Seviyesizliğin seviyesi
Seçilmiş olmanın teolojide özel bir yeri var. Genel olarak Tanrının sevgili yaratığı, sevgili kulu olmak demek.
İnsanın hiçbir yeteneği olmadan yalnızca Tanrı öyle istediği için, doğa üstü bir kararla benzersiz ve olağanüstü bir şey için seçilmesi anlamında kullanılıyor.
Ermiş kişiler en korkunç işkencelere bile dayanma gücünü bu seçilmiş olma inancında bulurlar.
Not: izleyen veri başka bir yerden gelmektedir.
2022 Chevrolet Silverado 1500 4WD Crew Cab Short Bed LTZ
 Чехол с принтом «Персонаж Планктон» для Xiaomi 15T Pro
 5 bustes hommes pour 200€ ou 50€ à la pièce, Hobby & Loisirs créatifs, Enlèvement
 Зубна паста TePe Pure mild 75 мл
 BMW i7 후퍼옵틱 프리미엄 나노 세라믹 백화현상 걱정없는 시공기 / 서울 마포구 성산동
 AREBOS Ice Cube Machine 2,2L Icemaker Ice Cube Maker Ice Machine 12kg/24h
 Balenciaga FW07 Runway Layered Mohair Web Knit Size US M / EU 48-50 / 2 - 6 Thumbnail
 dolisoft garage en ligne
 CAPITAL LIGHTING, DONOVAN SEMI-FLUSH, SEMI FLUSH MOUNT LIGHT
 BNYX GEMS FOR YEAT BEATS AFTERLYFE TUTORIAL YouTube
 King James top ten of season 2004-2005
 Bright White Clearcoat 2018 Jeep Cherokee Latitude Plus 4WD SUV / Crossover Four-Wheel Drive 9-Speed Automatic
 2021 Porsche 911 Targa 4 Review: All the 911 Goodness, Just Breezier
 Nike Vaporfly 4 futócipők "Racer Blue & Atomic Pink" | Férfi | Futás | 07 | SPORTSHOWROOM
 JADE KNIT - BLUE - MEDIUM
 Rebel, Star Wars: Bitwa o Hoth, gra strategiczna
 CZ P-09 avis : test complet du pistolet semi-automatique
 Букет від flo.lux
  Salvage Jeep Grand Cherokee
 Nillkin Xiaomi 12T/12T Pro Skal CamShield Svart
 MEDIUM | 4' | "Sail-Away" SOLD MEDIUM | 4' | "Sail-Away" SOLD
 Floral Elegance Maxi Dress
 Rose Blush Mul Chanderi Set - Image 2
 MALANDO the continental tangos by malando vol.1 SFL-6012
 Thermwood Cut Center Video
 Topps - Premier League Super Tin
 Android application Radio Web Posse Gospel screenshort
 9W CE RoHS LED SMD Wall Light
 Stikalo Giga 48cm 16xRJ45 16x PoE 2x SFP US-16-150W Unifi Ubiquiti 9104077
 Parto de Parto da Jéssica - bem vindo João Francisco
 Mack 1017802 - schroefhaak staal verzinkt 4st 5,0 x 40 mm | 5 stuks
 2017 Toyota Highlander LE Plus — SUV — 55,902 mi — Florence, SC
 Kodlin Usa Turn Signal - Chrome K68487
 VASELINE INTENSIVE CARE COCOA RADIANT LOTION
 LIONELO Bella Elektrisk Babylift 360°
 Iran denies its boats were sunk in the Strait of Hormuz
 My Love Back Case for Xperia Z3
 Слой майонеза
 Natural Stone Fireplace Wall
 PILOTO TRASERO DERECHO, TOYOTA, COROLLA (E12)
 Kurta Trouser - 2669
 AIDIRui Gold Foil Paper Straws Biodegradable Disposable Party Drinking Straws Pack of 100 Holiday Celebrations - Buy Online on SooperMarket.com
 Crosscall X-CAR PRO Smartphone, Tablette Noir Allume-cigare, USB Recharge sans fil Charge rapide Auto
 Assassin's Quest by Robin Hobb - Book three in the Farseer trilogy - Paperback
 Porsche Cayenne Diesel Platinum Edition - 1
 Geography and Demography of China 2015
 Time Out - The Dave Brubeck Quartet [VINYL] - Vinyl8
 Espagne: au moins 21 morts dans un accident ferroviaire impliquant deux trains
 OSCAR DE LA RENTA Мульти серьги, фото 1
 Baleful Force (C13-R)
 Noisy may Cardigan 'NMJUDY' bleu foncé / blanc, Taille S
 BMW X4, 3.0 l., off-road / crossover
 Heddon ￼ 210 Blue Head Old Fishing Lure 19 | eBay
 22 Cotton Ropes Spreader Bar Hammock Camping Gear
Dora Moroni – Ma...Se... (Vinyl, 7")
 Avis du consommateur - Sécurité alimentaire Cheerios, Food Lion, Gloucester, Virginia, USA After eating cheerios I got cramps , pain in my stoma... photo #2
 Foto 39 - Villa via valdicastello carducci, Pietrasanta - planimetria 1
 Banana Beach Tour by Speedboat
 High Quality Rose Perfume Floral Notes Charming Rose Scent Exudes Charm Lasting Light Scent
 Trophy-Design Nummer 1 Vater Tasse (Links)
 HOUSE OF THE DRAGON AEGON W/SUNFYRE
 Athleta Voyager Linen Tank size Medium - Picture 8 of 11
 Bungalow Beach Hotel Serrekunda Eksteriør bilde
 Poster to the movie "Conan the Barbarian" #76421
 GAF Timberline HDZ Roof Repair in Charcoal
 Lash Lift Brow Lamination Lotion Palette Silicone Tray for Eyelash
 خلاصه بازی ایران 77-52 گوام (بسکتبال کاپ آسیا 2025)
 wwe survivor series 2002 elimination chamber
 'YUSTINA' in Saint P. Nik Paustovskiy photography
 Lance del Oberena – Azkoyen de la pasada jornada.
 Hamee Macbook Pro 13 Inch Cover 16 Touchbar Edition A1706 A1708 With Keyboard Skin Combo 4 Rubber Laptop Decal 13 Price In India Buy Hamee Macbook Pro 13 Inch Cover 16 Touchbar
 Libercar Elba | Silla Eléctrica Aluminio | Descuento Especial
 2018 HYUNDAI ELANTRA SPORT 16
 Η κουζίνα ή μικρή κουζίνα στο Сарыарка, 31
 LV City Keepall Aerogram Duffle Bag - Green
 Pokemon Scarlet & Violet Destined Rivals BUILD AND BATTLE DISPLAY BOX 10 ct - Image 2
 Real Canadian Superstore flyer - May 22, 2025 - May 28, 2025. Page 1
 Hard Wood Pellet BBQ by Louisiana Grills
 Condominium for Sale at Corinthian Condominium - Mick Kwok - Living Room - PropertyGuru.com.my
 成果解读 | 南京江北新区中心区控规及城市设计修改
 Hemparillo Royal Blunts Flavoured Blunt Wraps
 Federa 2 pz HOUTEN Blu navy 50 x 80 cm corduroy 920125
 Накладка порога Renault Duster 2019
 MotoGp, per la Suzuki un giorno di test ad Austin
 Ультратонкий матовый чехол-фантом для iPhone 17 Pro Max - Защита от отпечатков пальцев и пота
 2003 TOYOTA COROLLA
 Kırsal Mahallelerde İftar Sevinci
Bu son derece yüce kavram, tamamen bir yanılsama olarak, insanların sıradan yaşamlarının bayağılığından kurtulma hedeflerine de yansır.
Bu yüzden yine aynı yanılsamanın bir sonucu olarak anne sevgisi ve aşk, insana seçilmiş olma duygusunu yaşatır.
Seçilmiş olmak kavramı, Türkiye’de kendine özgü başka bir anlamla daha yüklüdür.
Bu, insana, kendisini başkalarından üstün görmek, “alçak dağları ben yarattım, büyüklerini ise partimin genel başkanı..” demek haklarını verir.
Ödenek, yolluk, iş takibi vs. gibi maddi ayrıcalıkların yanında, uçağa ön kapıdan binmek, ceza yazan polise “sen benim kim olduğumu biliyor musun” dayılanmasını yapabilmek ayrıcalıklarına kavuşturur.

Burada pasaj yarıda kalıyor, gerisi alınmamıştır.